[Available data]
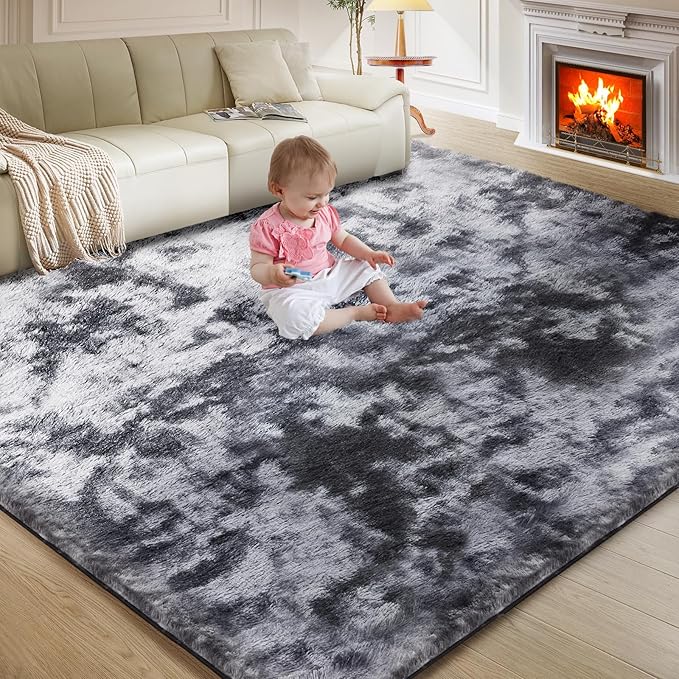 Ultra Soft Rug for Living Room, 4X6 Fluffy Shag Area Rug for Bedroom, Modern Shaggy Carpets Fuzzy Rug for Teens Dorm Nursery Home Decor Aesthetic, Upgrade Anti-Skid Durable, Tie Dye Black and Grey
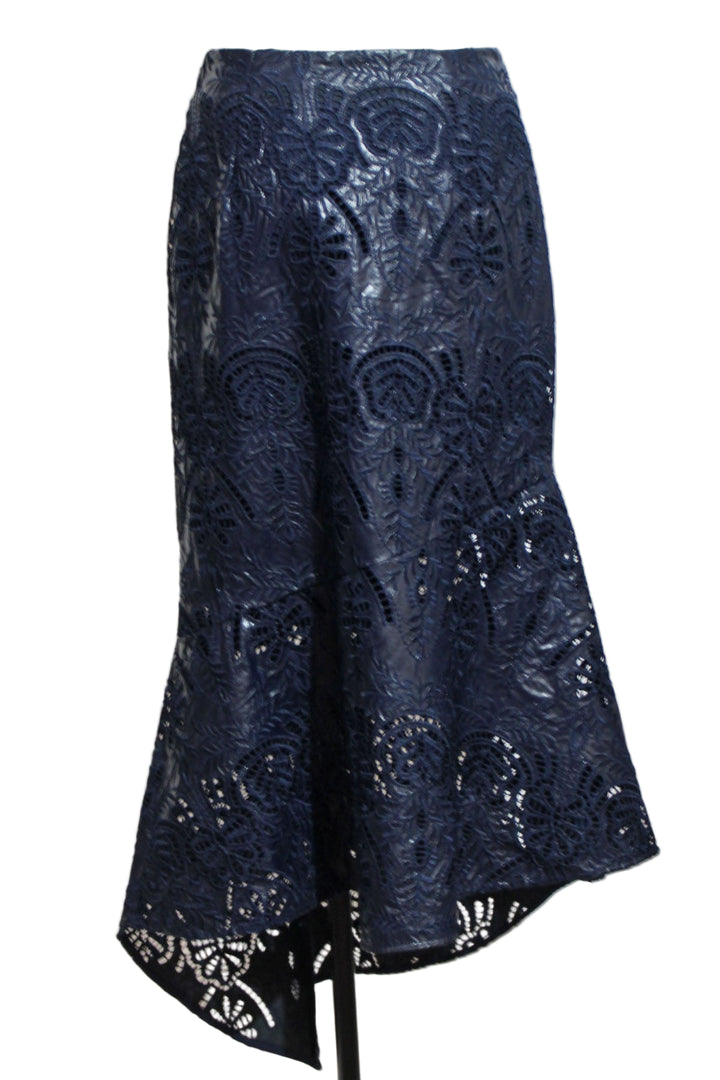 Back view of Navy Faux Leather Casey skirt by Marie Oliver 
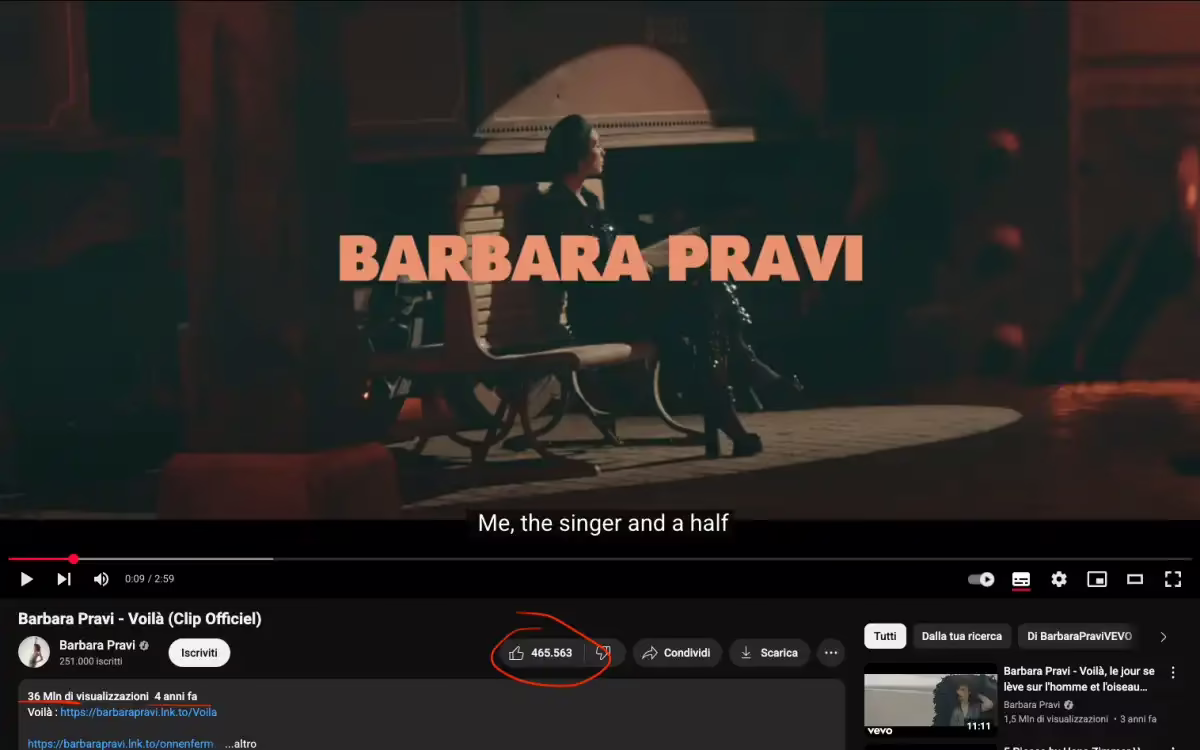 volià Barbara Pravi Youtube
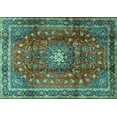 thumbnail image 1 of Ahgly Company Machine Washable Indoor Rectangle Persian Turquoise Blue Traditional Area Rugs, 5' x 7', 1 of 4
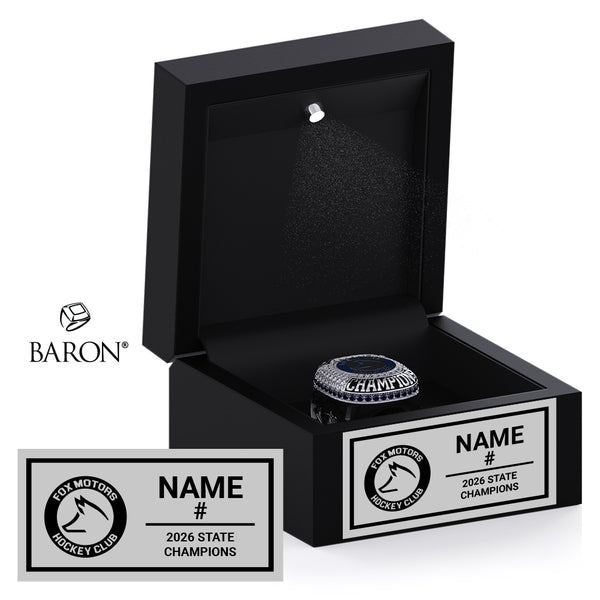 Fox Motors Hockey Club 2026 Championship Black LED Ring Box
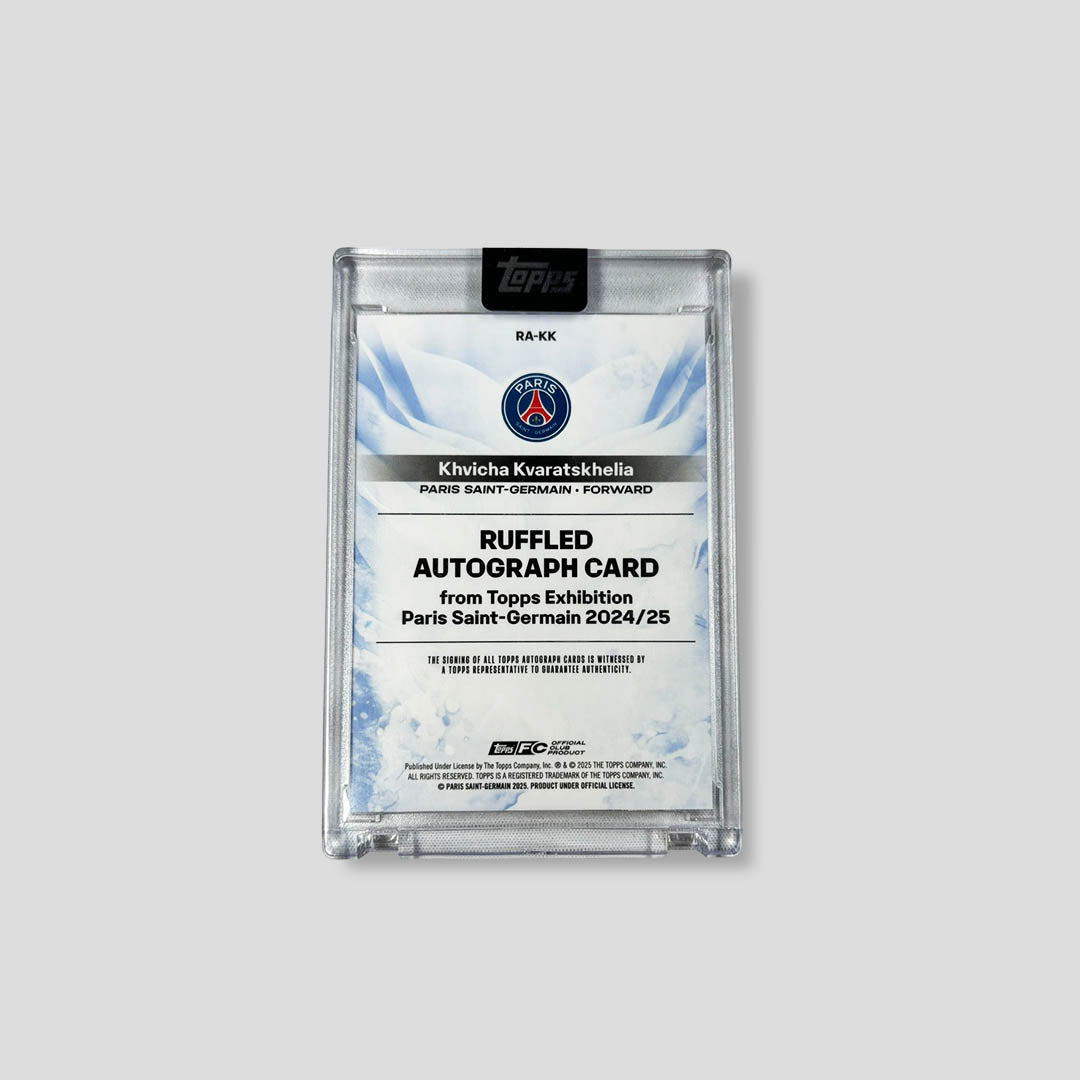 2024-25 Topps PSG Exhibition Khvicha Kvaratskhelia /5 Ruffled Auto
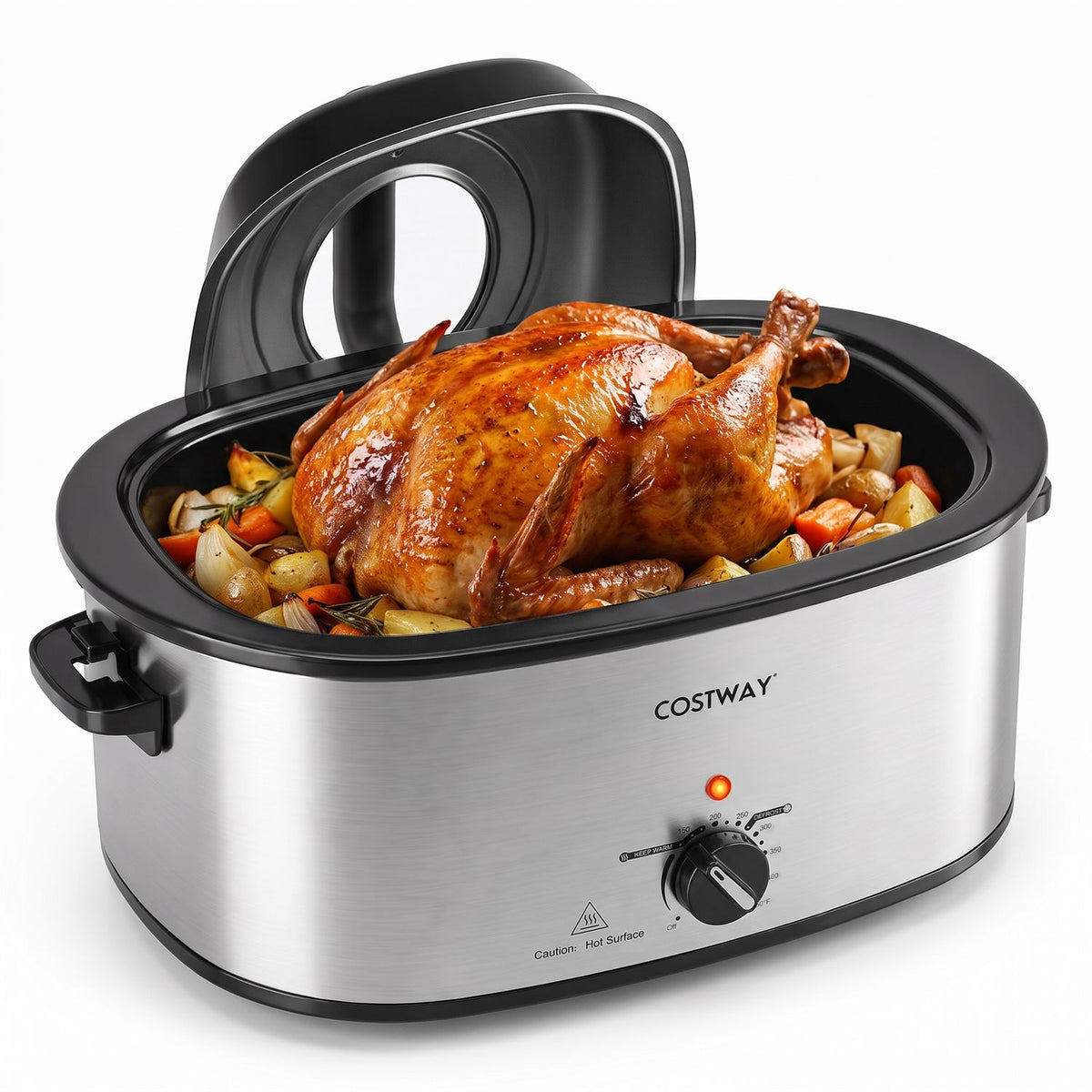 22 QT Electric Roaster Oven with Self-Basting Lid and Removable Pan Rack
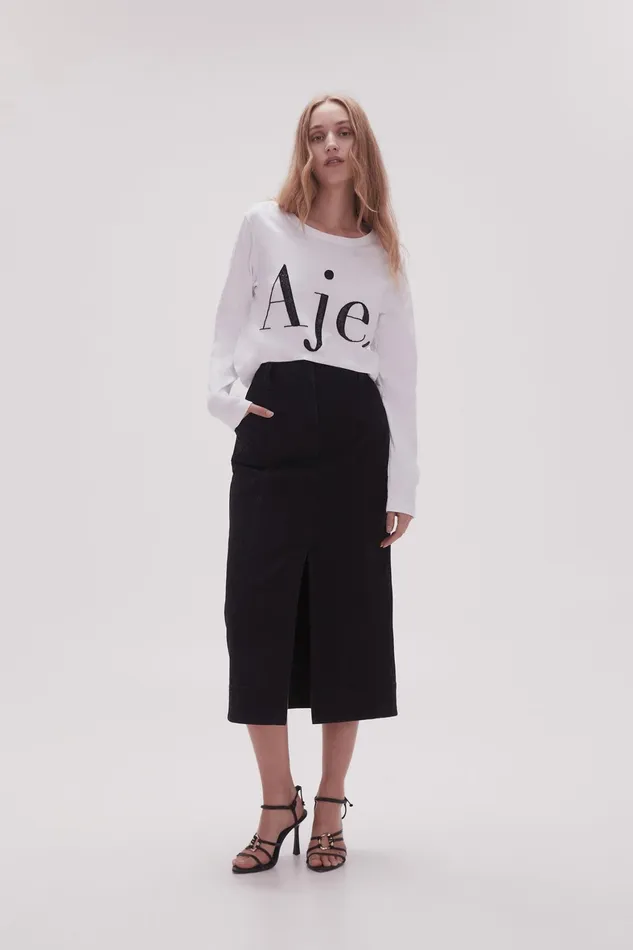 Aje Remi Long Sleeve Logo Tee Whiteblack Logo Women Tees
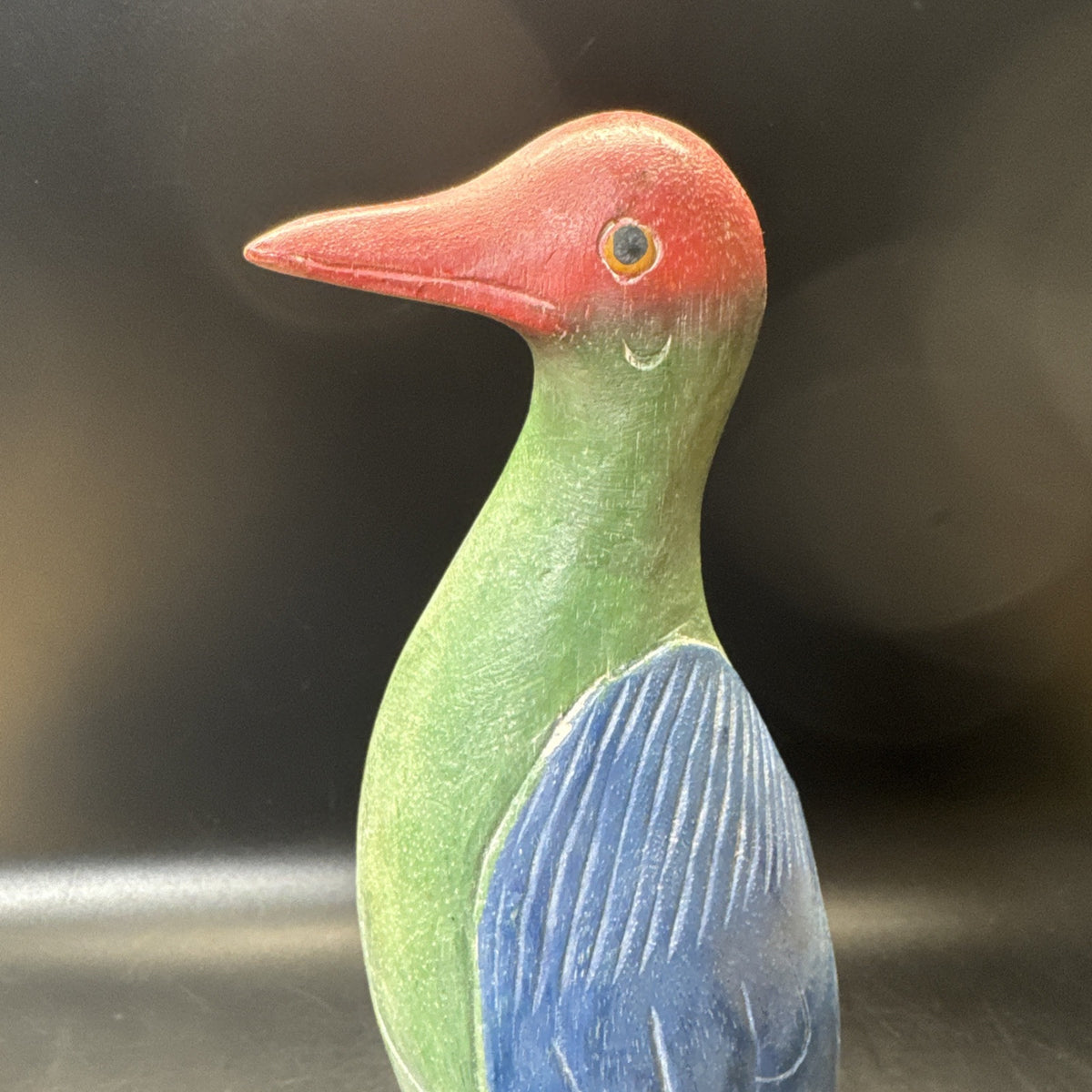 Hand Carved Wood And Clay Bird Sculpture 13” Tall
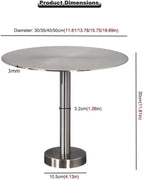 Stainless Steel Side Table,Round End Table with Mounting Hardware,Floating Desk for Bay Windows, Balconies and Narrow Corners(201,40x30cm)
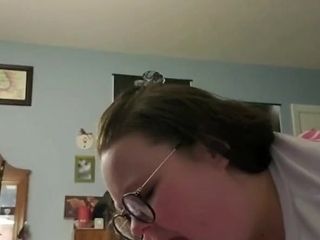 'My neighbor cums in my mouth BBW glasses blowjob'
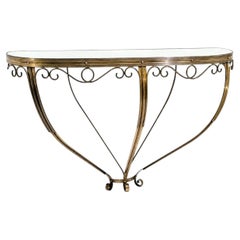 Half Moon Console, Brass and Glass, Italy, 1950s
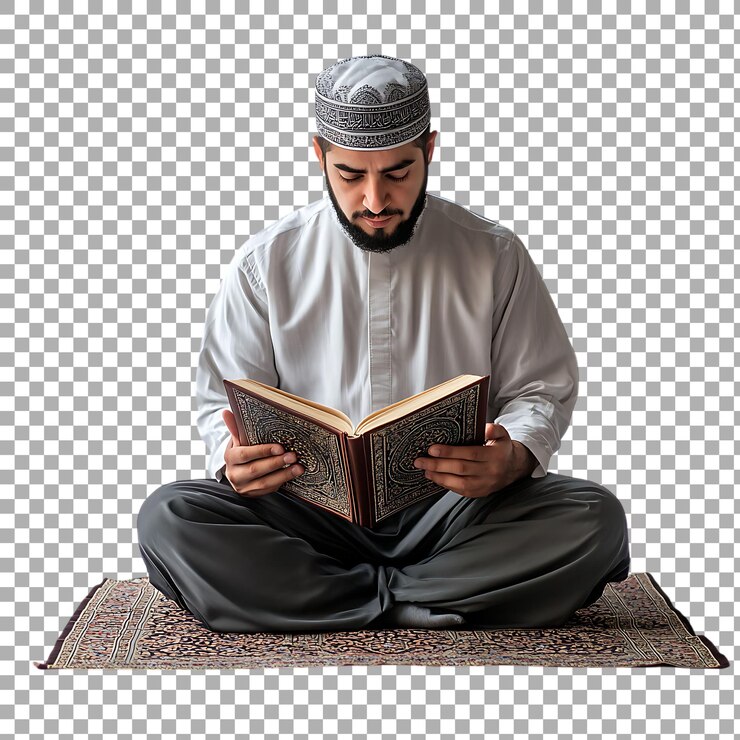 PSD muslim man reading quran isolated against a transparent background for islamic education religious posters or cultural themes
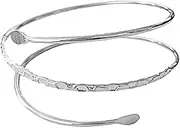 [Prettyia] Fashion Metal Arm Cuff Bracelet Open Adjustable Armband Bangle Simple Coil Upper Jewelry for Women Ladies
[/Available data]
=== Your assignment ===
Copy each entry above exactly; drop the pictures.

=== Written solution ===
 Ultra Soft Rug for Living Room, 4X6 Fluffy Shag Area Rug for Bedroom, Modern Shaggy Carpets Fuzzy Rug for Teens Dorm Nursery Home Decor Aesthetic, Upgrade Anti-Skid Durable, Tie Dye Black and Grey
 Back view of Navy Faux Leather Casey skirt by Marie Oliver 
 volià Barbara Pravi Youtube
 thumbnail image 1 of Ahgly Company Machine Washable Indoor Rectangle Persian Turquoise Blue Traditional Area Rugs, 5' x 7', 1 of 4
 Fox Motors Hockey Club 2026 Championship Black LED Ring Box
 2024-25 Topps PSG Exhibition Khvicha Kvaratskhelia /5 Ruffled Auto
 22 QT Electric Roaster Oven with Self-Basting Lid and Removable Pan Rack
 Aje Remi Long Sleeve Logo Tee Whiteblack Logo Women Tees
 Hand Carved Wood And Clay Bird Sculpture 13” Tall
 Stainless Steel Side Table,Round End Table with Mounting Hardware,Floating Desk for Bay Windows, Balconies and Narrow Corners(201,40x30cm)
 'My neighbor cums in my mouth BBW glasses blowjob'
 Half Moon Console, Brass and Glass, Italy, 1950s
 PSD muslim man reading quran isolated against a transparent background for islamic education religious posters or cultural themes
 [Prettyia] Fashion Metal Arm Cuff Bracelet Open Adjustable Armband Bangle Simple Coil Upper Jewelry for Women Ladies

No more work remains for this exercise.